JWT Verifier
Paste a JSON Web Token and its HMAC secret to check whether the signature is valid. The tool recomputes the HS256, HS384 or HS512 signature, compares it to the token, checks the exp and nbf time claims, and shows the decoded header and payload. Everything runs in your browser.
How to verify a JWT
- Paste the JSON Web Token into the token box.
- Enter the shared HMAC secret used to sign it and pick a test secret, not a production one.
- Read the verdict: a valid or invalid signature badge plus the expiry and not-before status.
Examples
Standard HS256 token, correct secret
token "eyJhbGci...SflKxwRJSMeKKF2QT4fwpMeJf36POk6yJV_adQssw5c", secret "your-256-bit-secret"
Signature valid (HS256). Not expired.
Frequently asked questions
What is the difference between verifying and decoding a JWT?

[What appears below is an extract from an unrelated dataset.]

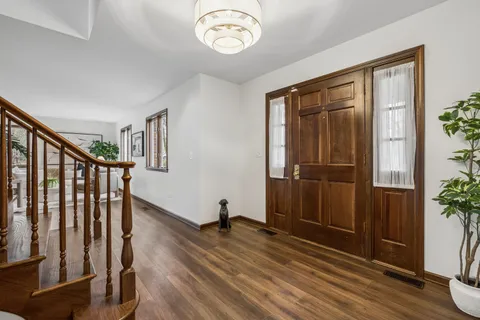 a living room with wooden floor stairs and a potted plant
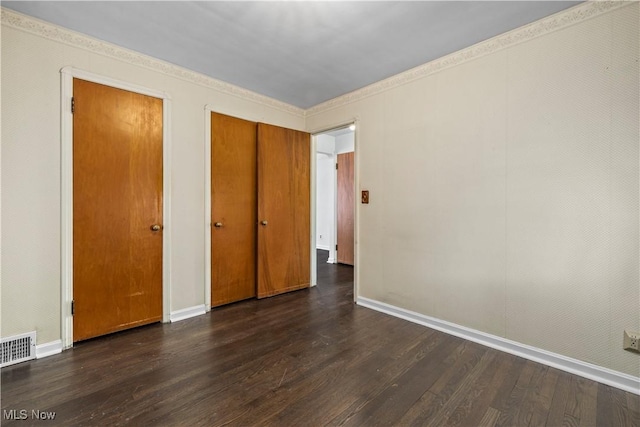 unfurnished bedroom with dark hardwood / wood-style flooring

Decoding only base64url-decodes the header and payload so you can read them, and it always succeeds. Verifying recomputes the signature with your secret and compares it to the token, which proves the token was issued by someone who holds that secret and was not tampered with. This tool does both, but only a passing signature check means the token can be trusted.
Which algorithms are supported?
The HMAC family: HS256, HS384 and HS512. These sign and verify with a single shared secret. Asymmetric algorithms such as RS256, ES256 and PS256 use a public key instead of a secret, so they are reported as unsupported here. The none algorithm is always treated as unverifiable.
Is my token or secret sent to a server?
No. The signature is recomputed locally in your browser with the Web Crypto API, so your token and secret never leave your machine. Even so, avoid pasting a real production secret into any online tool. Use a test secret whenever you can.
Why does the signature fail even though the token looks correct?
The most common cause is a secret that does not match the one used to sign the token, including a stray space, the wrong encoding, or a base64-encoded key entered as plain text. A mismatched algorithm or a token that was edited after signing will also fail. The header and payload still decode so you can compare the details.
What do the expired and not yet valid statuses mean?
They come from the exp and nbf claims, which are seconds since 1970. If exp is in the past the token is expired, and if nbf is in the future the token is not yet valid. A token is only fully valid when the signature checks out and it is within that time window.
Can a valid signature still be an invalid token?
Yes. A token can have a correct signature but be expired or not yet valid. This tool reports the signature result separately from the time checks, and the overall verdict is valid only when the signature passes and the token is inside its exp and nbf window.